┏━━

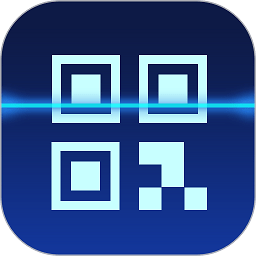 二维码扫描器app 2.3.8 安卓版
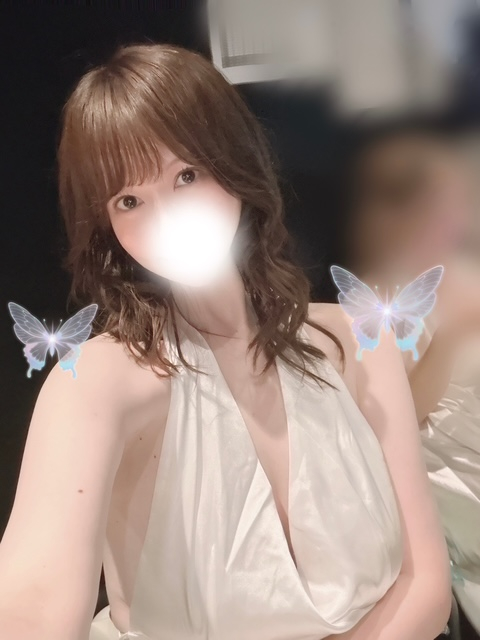 ほのか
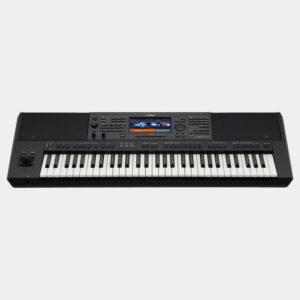 YAMAHA_PSR_SX700__kosketinsoitin_tyoasema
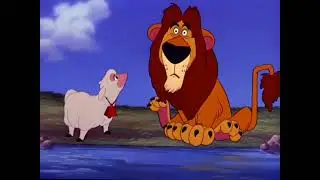 Lambert The Sheepish Lion ( 1943 ) # @Animated_Cartoon_1 # Watch Full # In English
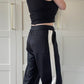 Bershka Tracksuit Bottoms - Size M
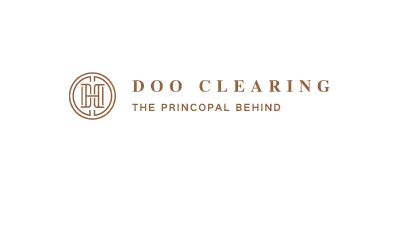 Doo Clearing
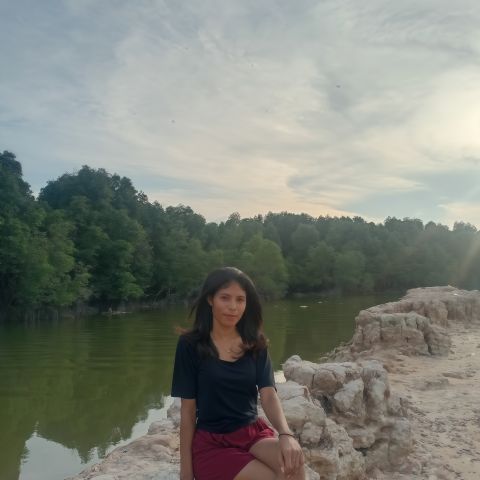 Ikha48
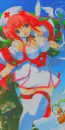 nurse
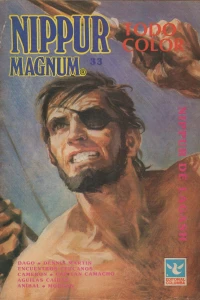 Issue #33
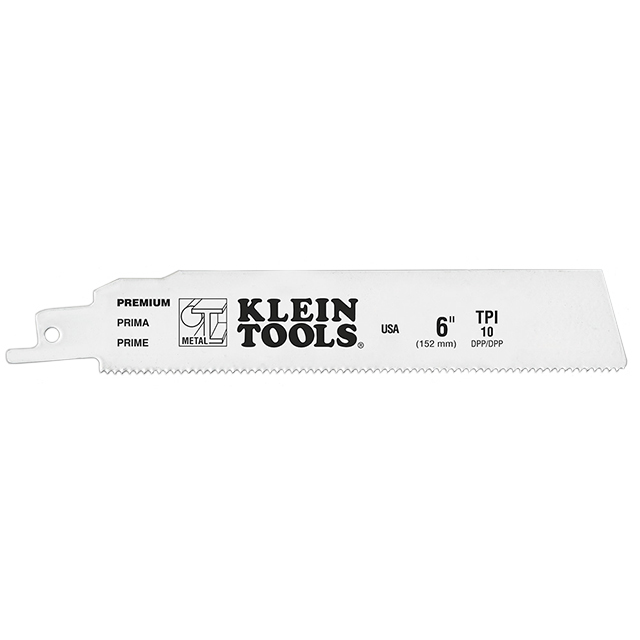 31804 Klein Tools, Inc.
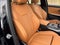 2022 BMW 330i xDrive 330i xDrive
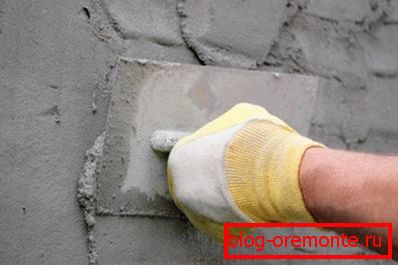 Пропорционално за паре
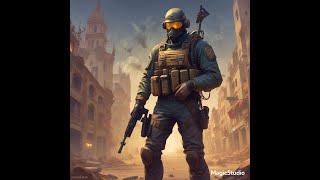 Counter-Strike 2 *(56)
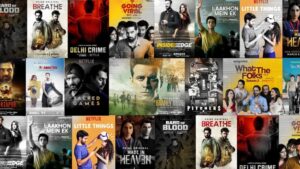 Amazon यूजर्स के लिए खुशखबरी, अब बिना सब्सक्रिप्शन देख पाएंगे वेब सीरीज और कॉमेडी शो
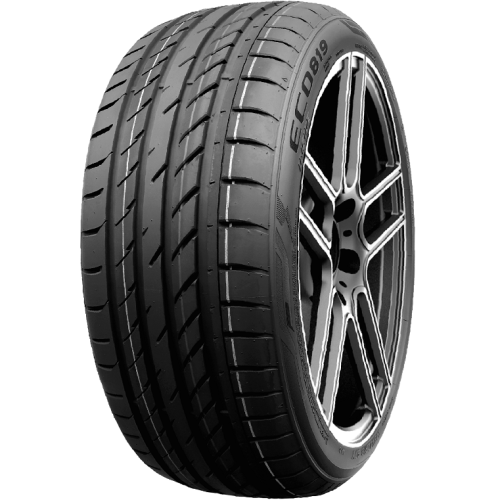 Фото автомобильной шины Mazzini ECO819 245/45 R18 100W XL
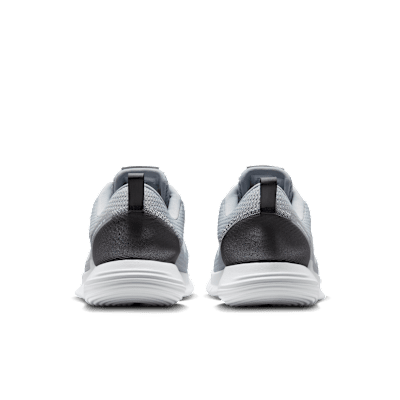 Nike Flex Experience Run 12 Men's Road Running Shoes (Extra Wide)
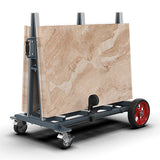 Abaco Double Sided Slab Buggy Abaco Machines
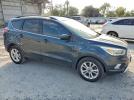 Ford Escape Sel Image 11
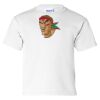 Ultra Cotton Youth T-Shirt Thumbnail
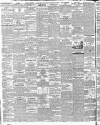 Norwich Mercury Saturday 09 May 1840 Page 4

┗━━

§ **What you are asked to do**:
Give back the material above word for word; no picture belongs in it.

§ **Result for this exercise**:
 二维码扫描器app 2.3.8 安卓版
 ほのか
 YAMAHA_PSR_SX700__kosketinsoitin_tyoasema
 Lambert The Sheepish Lion ( 1943 ) # @Animated_Cartoon_1 # Watch Full # In English
 Bershka Tracksuit Bottoms - Size M
 Doo Clearing
 Ikha48
 nurse
 Issue #33
 31804 Klein Tools, Inc.
 2022 BMW 330i xDrive 330i xDrive
 Пропорционално за паре
 Counter-Strike 2 *(56)
 Amazon यूजर्स के लिए खुशखबरी, अब बिना सब्सक्रिप्शन देख पाएंगे वेब सीरीज और कॉमेडी शो
 Фото автомобильной шины Mazzini ECO819 245/45 R18 100W XL
 Nike Flex Experience Run 12 Men's Road Running Shoes (Extra Wide)
 Abaco Double Sided Slab Buggy Abaco Machines
 Ford Escape Sel Image 11
 Ultra Cotton Youth T-Shirt Thumbnail
 Norwich Mercury Saturday 09 May 1840 Page 4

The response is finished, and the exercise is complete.